Before I explain why that which is necessary is personal, there is a very important disclaimer I need to make. It goes without saying that if there is a necessary being (one that doesn’t exist in time, that doesn’t consist of parts, that doesn’t change, and that is unique), then this necessary being is vastly different from anything in my immediate experience. I exist in time (I just turned 50). I consist of parts (which are breaking down – I just turned 50). I change (see previous parenthesis!). And as the sort of being I am (human), I am not unique – there are eight billion others on the planet at this moment. As a contingent being, living in a world of contingent reality, I recognize there is a great gulf fixed between what I am and what this necessary being is.

Since that is the case, it would be a huge mistake for me to think that this necessary being is just like me, only bigger/older/stronger/smarter.
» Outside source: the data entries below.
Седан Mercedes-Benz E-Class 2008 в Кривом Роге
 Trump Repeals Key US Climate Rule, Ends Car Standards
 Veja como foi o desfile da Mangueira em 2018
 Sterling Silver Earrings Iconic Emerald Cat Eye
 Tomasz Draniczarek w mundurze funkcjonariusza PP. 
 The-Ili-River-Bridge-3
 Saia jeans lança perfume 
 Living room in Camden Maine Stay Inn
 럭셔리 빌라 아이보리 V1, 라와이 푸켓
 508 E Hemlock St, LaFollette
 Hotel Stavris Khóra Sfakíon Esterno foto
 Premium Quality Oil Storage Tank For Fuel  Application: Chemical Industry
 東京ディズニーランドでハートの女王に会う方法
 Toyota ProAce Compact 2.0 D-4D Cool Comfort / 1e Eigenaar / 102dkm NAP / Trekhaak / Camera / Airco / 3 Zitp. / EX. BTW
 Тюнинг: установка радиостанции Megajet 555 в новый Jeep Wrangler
That may be a good way to think of various pagan conceptions of gods like Thor or Athena, but it would be an egregious category mistake to confuse those concepts of “god” with the concept of a necessary being. It is simply impossible by definition for me (or anything else in the contingent order) to be just like the necessary being; at the very most I can only be sort of like the necessary being.

I’ve said all of that to offer this disclaimer about whether the necessary being is personal. I am going to offer some reasons why we can use that word to describe this ultimate ground of all reality, but we must always bear in mind that what “personal” means for you and me as contingent creatures is not exactly what it will mean for the necessary being. An old illustration explains it like this. If I say, “I see the tree,” and “I see your point,” I am using the same word – see – to express concepts that are sort of like each other, although one is vastly greater than the other. To see a tree is a physical act of the senses. To see your point is an intellectual act of the mind. “See” conveys both concepts, but one kind of “seeing” is much greater than the other. And so it is with the word “personal.” I am a personal being, and that which is necessary is a personal being – but in a vastly greater sense.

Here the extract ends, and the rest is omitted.